• _INFORMATION SUPPLIED_:
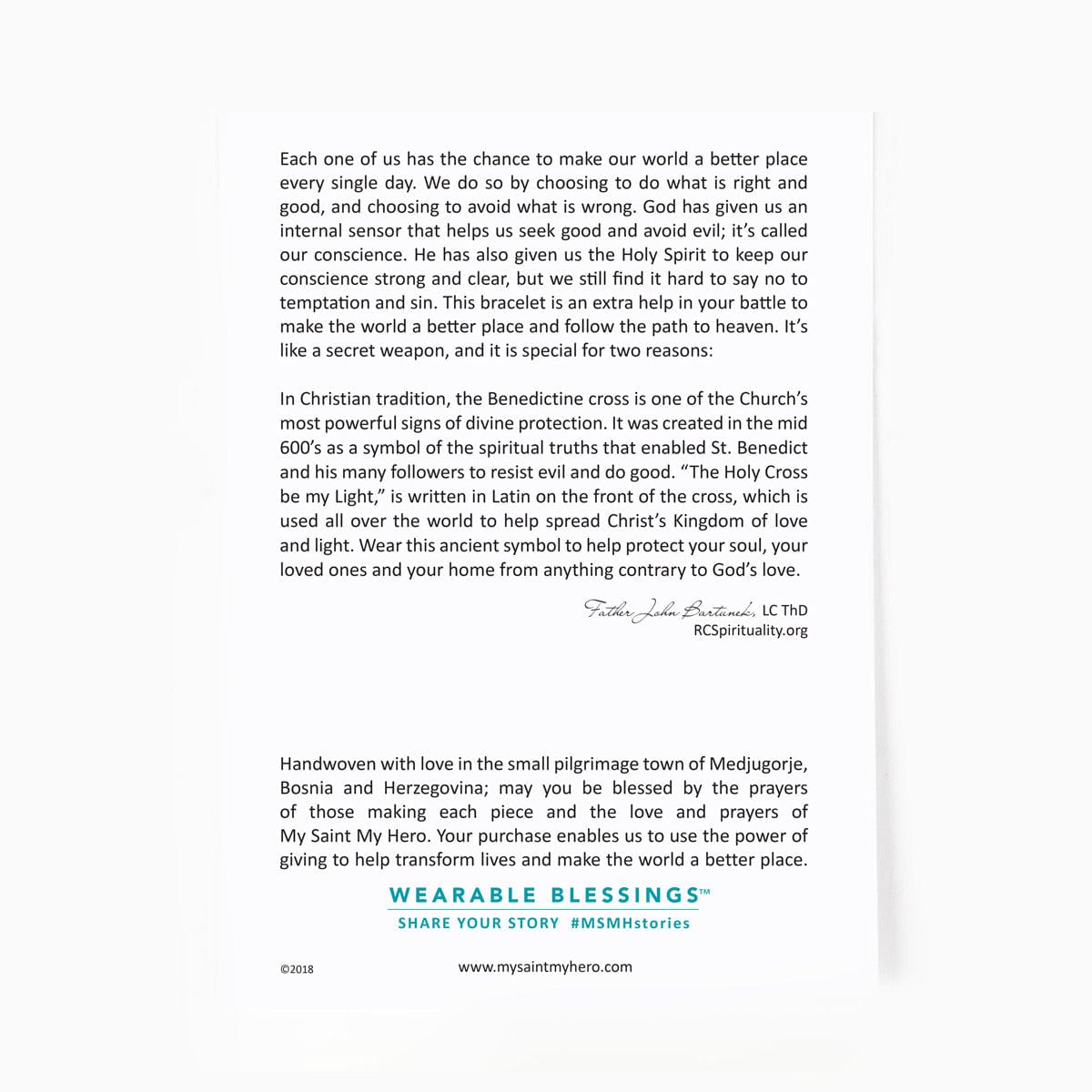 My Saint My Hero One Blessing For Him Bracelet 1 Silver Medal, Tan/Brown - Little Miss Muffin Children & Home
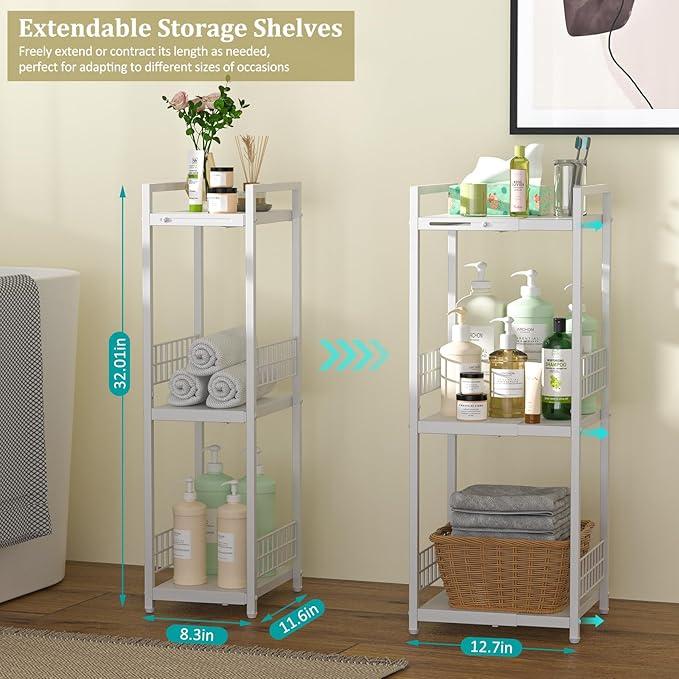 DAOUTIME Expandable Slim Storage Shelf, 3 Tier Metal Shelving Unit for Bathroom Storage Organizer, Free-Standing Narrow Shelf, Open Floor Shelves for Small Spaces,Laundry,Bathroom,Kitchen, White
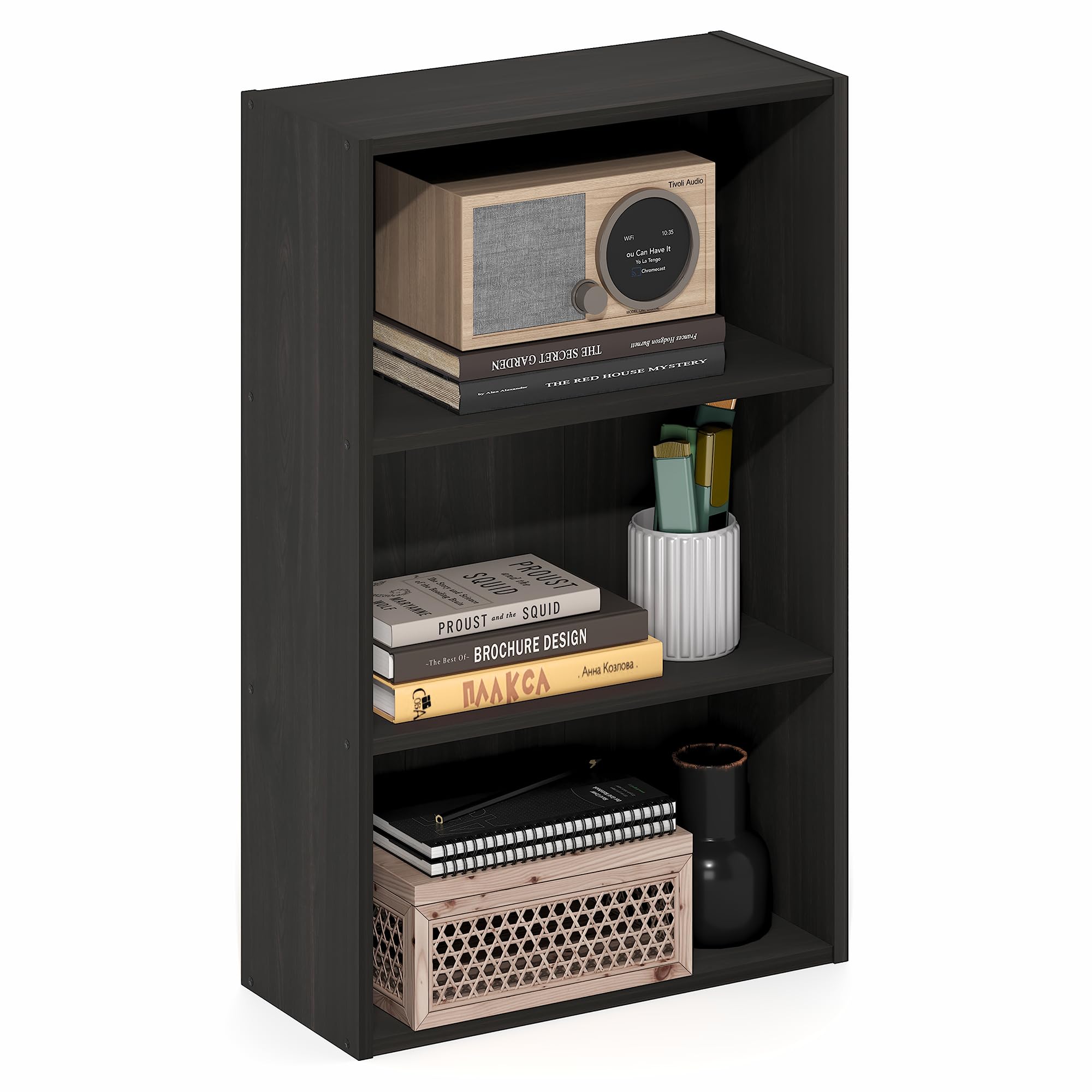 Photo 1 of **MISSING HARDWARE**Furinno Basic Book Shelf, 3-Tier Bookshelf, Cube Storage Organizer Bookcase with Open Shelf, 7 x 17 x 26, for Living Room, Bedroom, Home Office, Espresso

• _INSTRUCTIONS FOR THE TASK_: Produce an exact copy of the lines from the line containing "DAOUTIME Expandable Slim" to the end of the material, both ends included, and omit every picture.

• _EXERCISE RESULT_:
 DAOUTIME Expandable Slim Storage Shelf, 3 Tier Metal Shelving Unit for Bathroom Storage Organizer, Free-Standing Narrow Shelf, Open Floor Shelves for Small Spaces,Laundry,Bathroom,Kitchen, White
 Photo 1 of **MISSING HARDWARE**Furinno Basic Book Shelf, 3-Tier Bookshelf, Cube Storage Organizer Bookcase with Open Shelf, 7 x 17 x 26, for Living Room, Bedroom, Home Office, Espresso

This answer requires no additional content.